Whatever your belief system, music is the language of the soul. What else can touch people at such a deep emotional level? Music can inspire, heal, soothe, rage, elevate, love, hate and literally captivate every other feeling that dwells deep inside us, sometimes all in the same song! As Beethoven once said, “Music should strike fire from the heart of man, and bring tears from the eyes of woman.”
The power of music is a common thread that helps unite us as a people. It transcends all discrimination – race, gender, orientation, religion, politics – as it truly is the universal language of love. It is the greatest form of expression and can help us understand different cultures through its rhythm, vibe and lyrics. The rebelliousness of Rock raging against the machine, the dreary melancholy of rainy BritPop, the defiant anger of Rap speaking from the streets, the heartfelt twang of Country music – all are windows into the world of the artists and their surroundings.

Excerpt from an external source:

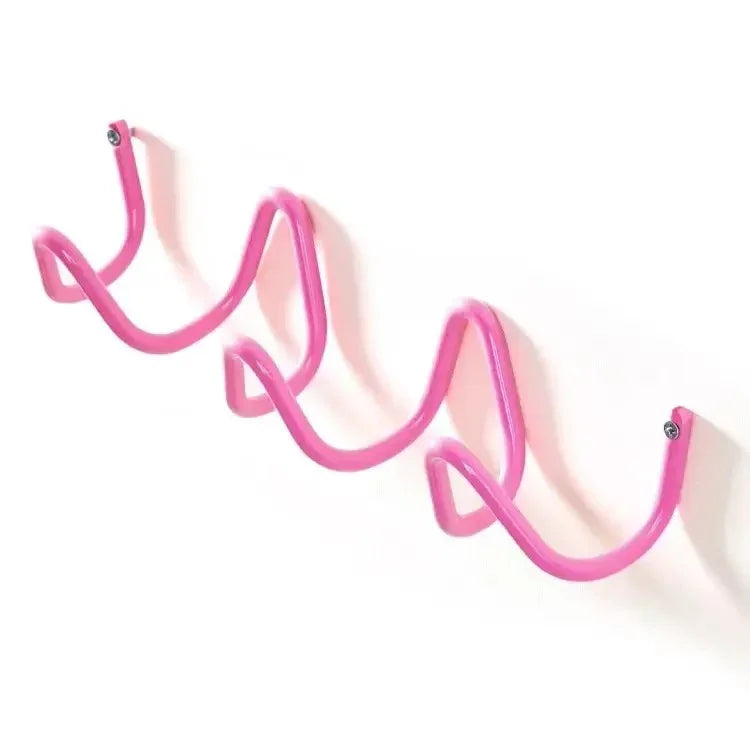 Space-saving wall hanger with multiple hooks wave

Each tells a story and paints a picture of their environment and experiences. It is beautiful when music connects with a massive audience within its own culture, but it is powerful when music transcends its genre and resonates with other cultures to educate and open our minds. Channeled correctly, music can teach us tolerance, respect and acceptance.
Music can unite people, even countries, for a common cause. In past years we’ve witnessed such events as Live Earth (global warming), Live Aid (famine in Africa), Farm Aid (farmers) and Live 8 (global poverty) to remind us of our humanity. Even bitter bandmates of Pink Floyd reunited for the first time in 24 years for the noble cause of Live 8, rising above their broken relations for the noble cause of poverty. Catching any gig to witness the impact of live music is an amazing experience as the energy is electric, with thousands of rabid fans all singing in unison in euphoric bliss. The sense of community – of ONE – is awesome as there’s power in the connection of a common bond. It unites, heals and is a powerful reminder of our commonalities and not our differences. If only society or local communities could behave this way.
The beauty of music is that it can be shared by the masses but also be so deeply personal, even while with the masses. The prevalence of headphones in public is so commonplace now that we don’t even notice it anymore, but it is remarkable how each of us can create our own unique experience with music. At the airport, a bus stop or just walking the city streets, you can now be alone in a crowded place, surrounded by people yet transported to your own little world.
On a personal level, music is my drug and I am unapologetically addicted. With over 10,000 songs in my iPhone and the ability to categorize them into playlists, I can essentially tap into any mood or emotion. I can reach for a super motivational high or descend into a downward spiral towards hell. It can challenge me, provoke me, elevate me and/or inspire me. The music that resonates has to touch me where I feel the emotion the artist is striving for whether it is pain, hope, love, revenge, despair, guilt, remorse or any other human emotion. The depth can be channeled through heavy drum beats, poignant minor chords, smooth bass lines, crunchy guitar riffs, a melancholic vibe or brilliant lyrics that come from the heart. When it penetrates my soul, that is when the song and artist bullet to the top of the charts in my personal playlist.
The sentimental appeal of music cannot be underestimated either. It is nourishment, a comforting elixir like an old friend coming through our white earbuds (is that why they’re called ear “buds”?) to take us on a comforting journey. A song that evokes a moment of time, a person, a place, a mood, or a special feeling. Most songs that have deeply touched me will stir up a memory that is as vivid today upon hearing the song as the first time that song caught my ear. It unlocks a precious moment deep in the cobwebs of my memory banks and inevitably brings a smile to my face.
Jimi Hendrix famously said music is my religion. If his definition was based on the premise that music offers hope, comfort, inspiration, love and connection, well, then, count me in…music is my religion too.